Contrairement à l'opinion du tribunal, il apparaît que ces défectuosités ont été rapidement signalées à M. X et notamment par une lettre du 9 décembre 2002, à laquelle il a été répondu par le prévenu qui n'a pas contesté les défauts signalés, les imputant à la mauvaise utilisation du véhicule par l'acheteur. Cependant la mauvaise utilisation prétendue concerne les pneumatiques pour lesquels l'acheteur a ramené le véhicule au vendeur dans les premiers jours. Il s'ensuit que la cour trouve dans cet écrit du prévenu l'élément qui corrobore l'opinion de l'expert selon laquelle la réparation défectueuse affectant la carrosserie était bien antérieure à la vente.

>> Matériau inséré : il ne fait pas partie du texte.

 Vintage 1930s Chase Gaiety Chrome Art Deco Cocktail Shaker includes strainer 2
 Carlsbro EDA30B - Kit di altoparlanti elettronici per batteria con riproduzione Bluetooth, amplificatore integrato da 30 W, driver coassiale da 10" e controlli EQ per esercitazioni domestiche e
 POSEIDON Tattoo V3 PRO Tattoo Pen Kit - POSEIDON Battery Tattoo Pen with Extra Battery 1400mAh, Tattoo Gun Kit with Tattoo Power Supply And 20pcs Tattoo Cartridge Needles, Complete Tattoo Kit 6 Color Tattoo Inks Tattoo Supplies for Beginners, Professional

Par suite, le véhicule ne méritait pas le qualificatif " très bon état " figurant dans la publicité et était affecté d'un vice substantiel avant la vente ce dont le vendeur professionnel ne pouvait ignorer l'existence, selon ce qui ressort du rapport d'expertise, au vu des traces de réparation qui n'échappent pas à l'œil d'un carrossier, qualification que possède le prévenu.

Le jugement sera réformé et le préjudice de M. Redon, au vu des justifications produites quant à la différence entre le prix d'achat et le prix de revente du véhicule, les divers frais engendrés (carte grise, assurance) évalué à la somme de 5 191 euro.

Il serait inéquitable de laisser à la charge de M. Redon la charge des frais assumés par lui pour assurer sa défense, incluant les frais d'expertise engagés et le temps passé par lui, outre les frais de conseil, le tout évalué à la somme de 1 500 euro, sur le fondement de l'article 475-1 du Code de procédure pénale.

Par ces motifs, LA COUR, Statuant publiquement, contradictoirement, en matière correctionnelle, après en avoir délibéré conformément à la loi, Sur le seul appel de la partie civile, Réforme le jugement déféré et statuant à nouveau : Condamne M. X à payer à M. Redon la somme de 5 191 euro (cinq mille cent quatre-vingt onze euro) à titre de dommages et intérêts et la somme de 1 500 euro (mille cinq cent euro) pour frais de procès sur le fondement de l'article 475-1 du Code de procédure civile.